Multilevel (cross-over) PCA - artifact?

Dear all,
I would like to express that mixOmics is a great contribution, and as far I know, one of the very few options for performing PCA and PLS-DA with cross-over designs in Bioconductor, along with all omics integration features.
The reason I am contacting you is because I used mixOmics to generate PCA for a simple cross-over design without additional factors, meaning that the same subjects had the blood collected in two time-points (before and after), but all subjects received the same treatment. Using the function ‘withinVariation’ as in the example of data(vac18), I have noted that the PCA is symmetric, like a mirrored image (vertical and horizontal). Although I may have misinterpreted something since I have never performed PCA in cross-over design before, this does not make sense to me. If this is not the way to do it, how could I specify that each pair of samples is from the same individual?

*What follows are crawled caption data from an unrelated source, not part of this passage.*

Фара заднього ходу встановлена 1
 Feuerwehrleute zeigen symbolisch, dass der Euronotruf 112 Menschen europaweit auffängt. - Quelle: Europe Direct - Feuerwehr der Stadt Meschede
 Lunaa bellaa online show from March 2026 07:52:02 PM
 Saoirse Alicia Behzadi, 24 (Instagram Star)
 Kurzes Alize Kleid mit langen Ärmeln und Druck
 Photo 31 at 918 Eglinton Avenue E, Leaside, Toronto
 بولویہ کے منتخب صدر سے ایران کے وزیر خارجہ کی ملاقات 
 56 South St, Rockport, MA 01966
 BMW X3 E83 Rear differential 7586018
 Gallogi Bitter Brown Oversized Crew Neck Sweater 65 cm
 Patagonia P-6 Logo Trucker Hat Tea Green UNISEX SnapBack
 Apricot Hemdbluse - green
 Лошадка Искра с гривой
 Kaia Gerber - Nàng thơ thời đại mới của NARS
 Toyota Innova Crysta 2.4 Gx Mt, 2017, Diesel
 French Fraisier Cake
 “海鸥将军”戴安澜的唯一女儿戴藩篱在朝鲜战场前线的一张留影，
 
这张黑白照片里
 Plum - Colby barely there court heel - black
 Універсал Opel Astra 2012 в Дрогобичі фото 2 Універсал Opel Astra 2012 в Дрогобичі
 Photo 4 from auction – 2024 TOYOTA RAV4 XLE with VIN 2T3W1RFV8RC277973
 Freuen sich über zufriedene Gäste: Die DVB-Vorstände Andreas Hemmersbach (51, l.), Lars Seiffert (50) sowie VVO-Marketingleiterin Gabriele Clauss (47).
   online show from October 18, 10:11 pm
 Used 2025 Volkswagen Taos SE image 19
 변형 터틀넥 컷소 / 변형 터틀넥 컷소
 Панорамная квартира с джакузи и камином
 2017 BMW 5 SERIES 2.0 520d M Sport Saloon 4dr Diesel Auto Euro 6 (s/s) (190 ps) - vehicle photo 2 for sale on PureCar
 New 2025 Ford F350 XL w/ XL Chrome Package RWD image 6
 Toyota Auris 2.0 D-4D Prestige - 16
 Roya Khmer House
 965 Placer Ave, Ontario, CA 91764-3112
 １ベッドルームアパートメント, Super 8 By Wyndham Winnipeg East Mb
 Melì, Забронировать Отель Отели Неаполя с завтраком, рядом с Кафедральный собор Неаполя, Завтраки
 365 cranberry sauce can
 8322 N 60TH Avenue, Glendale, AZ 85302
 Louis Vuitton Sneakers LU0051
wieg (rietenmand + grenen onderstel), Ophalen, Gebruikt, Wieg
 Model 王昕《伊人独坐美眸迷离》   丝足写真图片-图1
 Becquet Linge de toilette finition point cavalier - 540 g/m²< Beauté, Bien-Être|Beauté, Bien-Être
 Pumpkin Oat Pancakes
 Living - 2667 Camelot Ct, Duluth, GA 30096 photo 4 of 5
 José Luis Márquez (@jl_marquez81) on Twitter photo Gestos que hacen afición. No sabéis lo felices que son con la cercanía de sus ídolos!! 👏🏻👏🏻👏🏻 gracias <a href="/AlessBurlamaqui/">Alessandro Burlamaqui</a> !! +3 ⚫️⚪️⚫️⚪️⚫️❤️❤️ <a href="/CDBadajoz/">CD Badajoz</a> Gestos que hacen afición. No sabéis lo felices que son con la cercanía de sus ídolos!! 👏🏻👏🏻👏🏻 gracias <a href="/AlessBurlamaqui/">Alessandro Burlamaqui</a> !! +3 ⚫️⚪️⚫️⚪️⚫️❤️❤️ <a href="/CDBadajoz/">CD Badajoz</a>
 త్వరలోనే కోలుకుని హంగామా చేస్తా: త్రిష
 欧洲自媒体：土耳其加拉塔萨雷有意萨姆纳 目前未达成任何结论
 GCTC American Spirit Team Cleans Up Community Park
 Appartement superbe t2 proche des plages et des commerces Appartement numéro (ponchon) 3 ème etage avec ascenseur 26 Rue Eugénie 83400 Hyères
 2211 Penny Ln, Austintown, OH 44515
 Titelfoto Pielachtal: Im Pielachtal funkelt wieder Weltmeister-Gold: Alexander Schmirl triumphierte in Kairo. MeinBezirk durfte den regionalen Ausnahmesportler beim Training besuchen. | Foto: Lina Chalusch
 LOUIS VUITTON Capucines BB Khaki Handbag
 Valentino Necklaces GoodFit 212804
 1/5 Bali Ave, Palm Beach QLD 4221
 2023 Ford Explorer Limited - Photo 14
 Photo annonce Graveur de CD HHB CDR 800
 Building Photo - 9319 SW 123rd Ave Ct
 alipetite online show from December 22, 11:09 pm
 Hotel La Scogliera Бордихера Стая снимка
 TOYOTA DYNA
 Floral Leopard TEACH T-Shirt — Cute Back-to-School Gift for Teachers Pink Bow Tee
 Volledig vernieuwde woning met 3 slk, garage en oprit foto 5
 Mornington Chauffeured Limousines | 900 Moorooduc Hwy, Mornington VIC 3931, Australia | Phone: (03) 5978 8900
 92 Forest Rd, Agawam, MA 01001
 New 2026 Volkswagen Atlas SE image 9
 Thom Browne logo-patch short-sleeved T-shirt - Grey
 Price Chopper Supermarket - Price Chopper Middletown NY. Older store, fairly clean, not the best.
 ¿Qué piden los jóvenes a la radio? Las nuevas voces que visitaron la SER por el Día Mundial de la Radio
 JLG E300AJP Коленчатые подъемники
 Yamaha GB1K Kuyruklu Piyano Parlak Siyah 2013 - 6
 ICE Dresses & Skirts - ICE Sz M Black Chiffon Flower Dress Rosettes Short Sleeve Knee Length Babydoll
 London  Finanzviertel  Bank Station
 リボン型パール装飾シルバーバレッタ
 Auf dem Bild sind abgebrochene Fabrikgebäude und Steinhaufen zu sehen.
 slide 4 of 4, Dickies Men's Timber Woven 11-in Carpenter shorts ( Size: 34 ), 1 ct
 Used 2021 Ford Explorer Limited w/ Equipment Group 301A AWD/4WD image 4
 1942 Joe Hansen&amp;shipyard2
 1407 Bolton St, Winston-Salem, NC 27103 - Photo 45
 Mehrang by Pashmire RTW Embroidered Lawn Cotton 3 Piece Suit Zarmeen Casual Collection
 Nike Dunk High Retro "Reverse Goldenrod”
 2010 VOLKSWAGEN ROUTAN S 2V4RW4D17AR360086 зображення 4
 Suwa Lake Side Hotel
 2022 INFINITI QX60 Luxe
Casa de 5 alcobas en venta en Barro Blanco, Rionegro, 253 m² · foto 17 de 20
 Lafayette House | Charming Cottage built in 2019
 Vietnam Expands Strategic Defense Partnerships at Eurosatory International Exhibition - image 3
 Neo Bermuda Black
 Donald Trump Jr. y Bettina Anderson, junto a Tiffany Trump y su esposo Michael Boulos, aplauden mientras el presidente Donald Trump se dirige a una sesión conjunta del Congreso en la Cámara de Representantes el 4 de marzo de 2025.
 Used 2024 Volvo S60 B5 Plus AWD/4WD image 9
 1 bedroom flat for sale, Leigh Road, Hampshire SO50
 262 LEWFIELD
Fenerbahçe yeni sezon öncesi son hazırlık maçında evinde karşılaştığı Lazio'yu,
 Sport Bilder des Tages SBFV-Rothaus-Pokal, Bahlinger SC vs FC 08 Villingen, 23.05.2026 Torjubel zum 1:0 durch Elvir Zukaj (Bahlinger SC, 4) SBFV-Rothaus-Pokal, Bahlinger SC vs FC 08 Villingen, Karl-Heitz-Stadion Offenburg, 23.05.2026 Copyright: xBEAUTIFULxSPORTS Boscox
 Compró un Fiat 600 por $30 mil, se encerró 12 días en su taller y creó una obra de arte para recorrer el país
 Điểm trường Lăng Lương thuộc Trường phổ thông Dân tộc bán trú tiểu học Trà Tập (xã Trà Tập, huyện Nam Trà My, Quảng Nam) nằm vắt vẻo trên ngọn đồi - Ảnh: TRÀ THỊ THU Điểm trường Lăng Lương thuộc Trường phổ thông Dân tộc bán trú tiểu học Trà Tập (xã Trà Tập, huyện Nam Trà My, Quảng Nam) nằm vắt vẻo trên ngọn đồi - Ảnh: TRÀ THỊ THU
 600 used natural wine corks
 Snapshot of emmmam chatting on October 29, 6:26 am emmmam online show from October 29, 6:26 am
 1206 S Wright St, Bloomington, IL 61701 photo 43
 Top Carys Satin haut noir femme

I could reproduce the plots generated with data(vac18), but with my data frame of 25 subjects in two time-points (50 samples) and ~300 measured features, I got a suspicious symmetric plot (like an artifact). I apologize for contacting you for this specific matter, and I hope you do not mind to share some thoughts about this.

Simulated data:
matD<-data.frame(replicate(50, sample(1:100000, 317, rep=TRUE))) #generate data frame
tmatD<-t(matD) #samples in each row
library(mixOmics)
X ← tmatD #just to use same lines below
samplesID<-rep(1:25,2) # assign 25 blood samples, measured twice in the same individuals
design ← data.frame(sample = samplesID)
pca.multilevel.1 ← pca(X, ncomp = 3, scale = TRUE, center = TRUE, multilevel=design) #not centered, or not scaled will present the symmetry
plotIndiv(pca.multilevel.1)
#same using withinVariation()
Xw ← withinVariation(X = X, design = design)
plotIndiv(res.pca.1level

sessionInfo()
R version 3.6.3 (2020-02-29)
Platform: x86_64-pc-linux-gnu (64-bit)
Running under: Ubuntu 20.04.1 LTS

Matrix products: default
BLAS: /usr/lib/x86_64-linux-gnu/blas/libblas.so.3.9.0
LAPACK: /usr/lib/x86_64-linux-gnu/lapack/liblapack.so.3.9.0

locale:
[1] LC_CTYPE=pt_BR.UTF-8 LC_NUMERIC=C
[3] LC_TIME=pt_BR.UTF-8 LC_COLLATE=en_US.UTF-8
[5] LC_MONETARY=pt_BR.UTF-8 LC_MESSAGES=en_US.UTF-8
[7] LC_PAPER=pt_BR.UTF-8 LC_NAME=C
[9] LC_ADDRESS=C LC_TELEPHONE=C
[11] LC_MEASUREMENT=pt_BR.UTF-8 LC_IDENTIFICATION=C

attached base packages:
[1] stats graphics grDevices utils datasets methods base

other attached packages:
[1] mixOmics_6.8.5 ggplot2_3.3.2 lattice_0.20-41 MASS_7.3-53

loaded via a namespace (and not attached):
[1] Rcpp_1.0.5 RSpectra_0.16-0 pillar_1.4.6 compiler_3.6.3
[5] RColorBrewer_1.1-2 plyr_1.8.6 tools_3.6.3 digest_0.6.25
[9] lifecycle_0.2.0 tibble_3.0.3 gtable_0.3.0 pkgconfig_2.0.3
[13] rlang_0.4.7 Matrix_1.2-18 igraph_1.2.5 parallel_3.6.3
[17] gridExtra_2.3 withr_2.2.0 dplyr_1.0.2 stringr_1.4.0
[21] generics_0.0.2 vctrs_0.3.2 grid_3.6.3 tidyselect_1.1.0
[25] glue_1.4.1 ellipse_0.4.2 R6_2.4.1 rARPACK_0.11-0
[29] purrr_0.3.4 tidyr_1.1.1 reshape2_1.4.4 farver_2.0.3
[33] corpcor_1.6.9 magrittr_1.5 scales_1.1.1 ellipsis_0.3.1
[37] matrixStats_0.56.0 colorspace_1.4-1 labeling_0.3 stringi_1.4.6
[41] munsell_0.5.0 crayon_1.3.4

Hi @iglezer,

I just added a few lines of code, I am happy to dig further into how the multilevel is working. Basically you can consider it as a sort of normalisation per sample. Why it creates this symmetry I am not sure yet, but you would only use that approach if you visualised a strong within individual variation (e.g. 2 samples from the same unique individual are clustering). This is not the case here and so that could explain these outputs.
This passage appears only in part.